[Image-text web data]
★ ★ ★
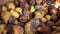 A pile of rotten, moldy pears. Mildew on Fruits. Food loss and waste. Damage to the fruit crop. Food loss at the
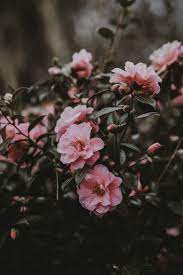 Rosiedreams Flowers Photography Wallpaper Flowers Photography Photography Wallpaper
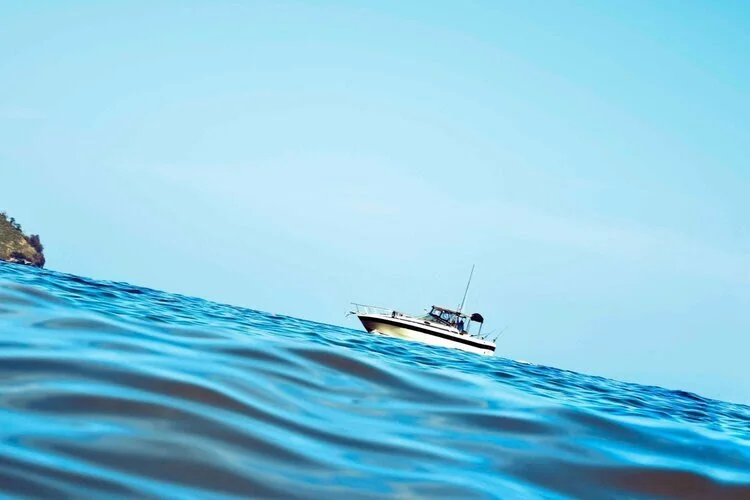 How are you weathering the storm?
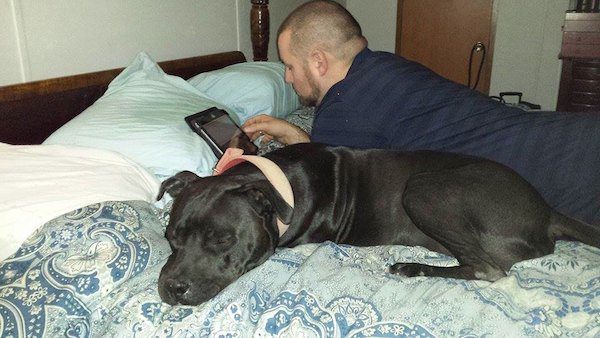 Dozer loves sleeping on the bed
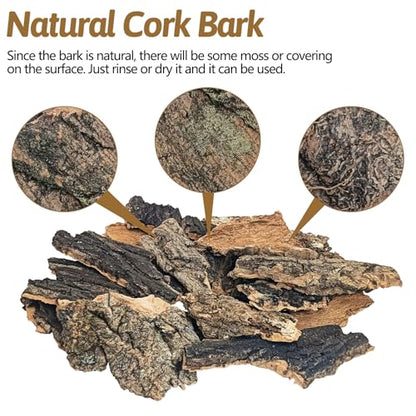 BNOSDM Reptile 16oz Cork Bark Substrate and Wooden Hideout Platform for Lizard, Gecko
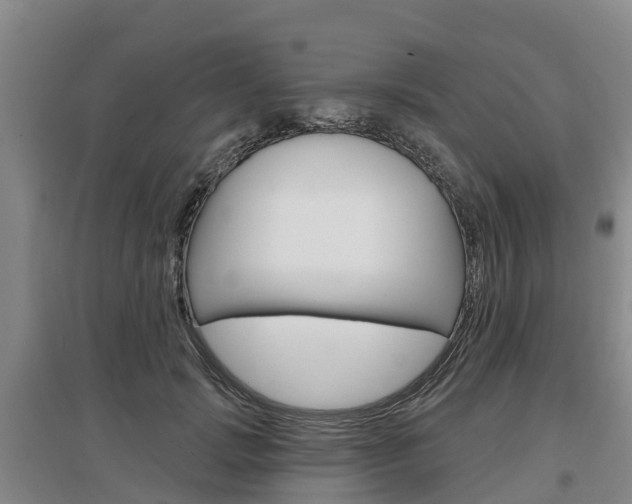 X0000097470749200802220829
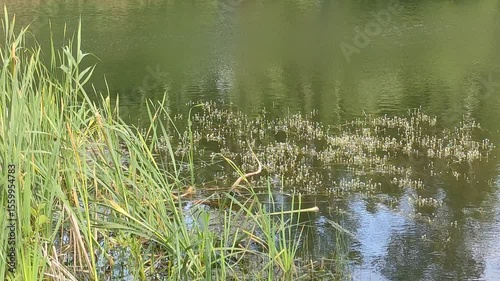 Grass on pond water at Summer day - European nature
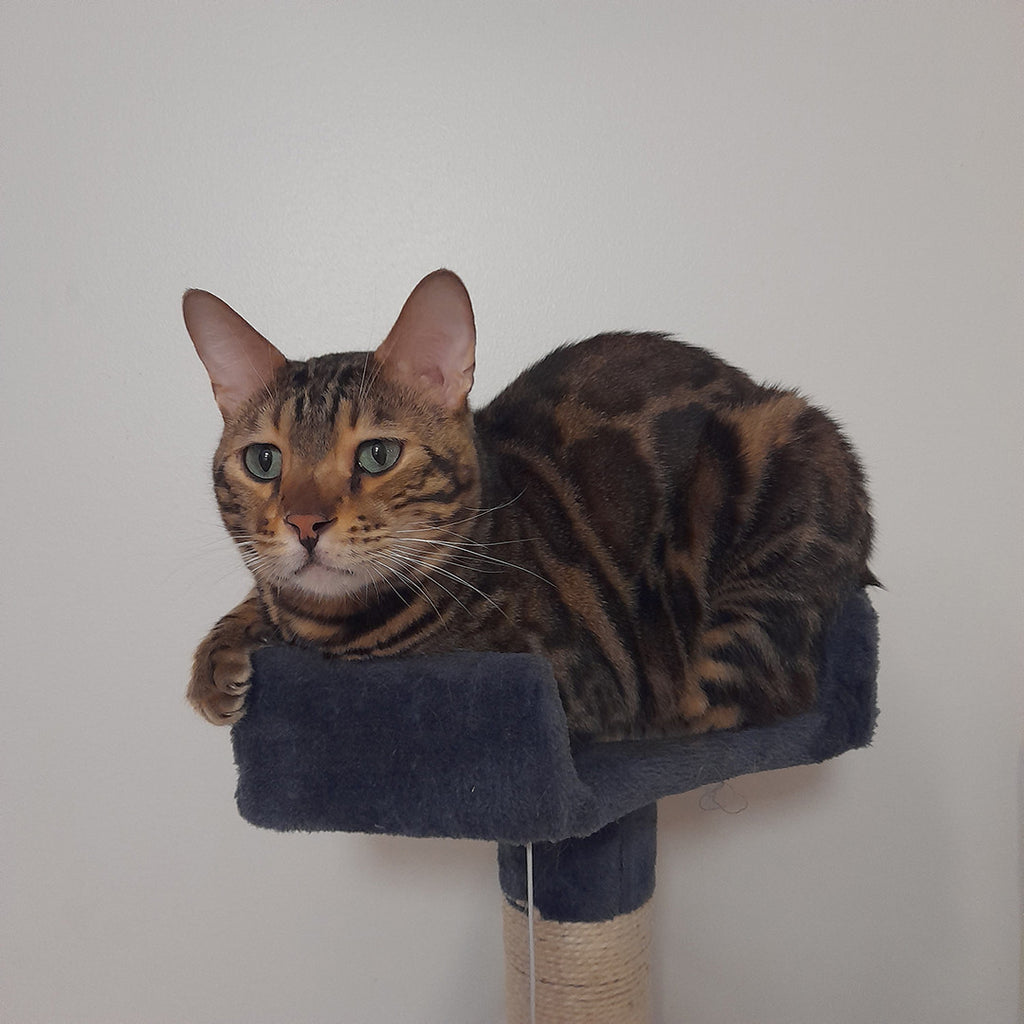 POHJOLAN LEMMIKKITARVIKE Kissan kiipeily-/raapimispuu 170 cm, Tumman Harmaa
★ ★ ★
§ Description of the task:
Copy the final stretch of lines, starting at the one that holds "Dozer loves sleeping on the bed" and ending at the last line of the data, exactly; omit pictures.

§ Solution to this problem:
 Dozer loves sleeping on the bed
 BNOSDM Reptile 16oz Cork Bark Substrate and Wooden Hideout Platform for Lizard, Gecko
 X0000097470749200802220829
 Grass on pond water at Summer day - European nature
 POHJOLAN LEMMIKKITARVIKE Kissan kiipeily-/raapimispuu 170 cm, Tumman Harmaa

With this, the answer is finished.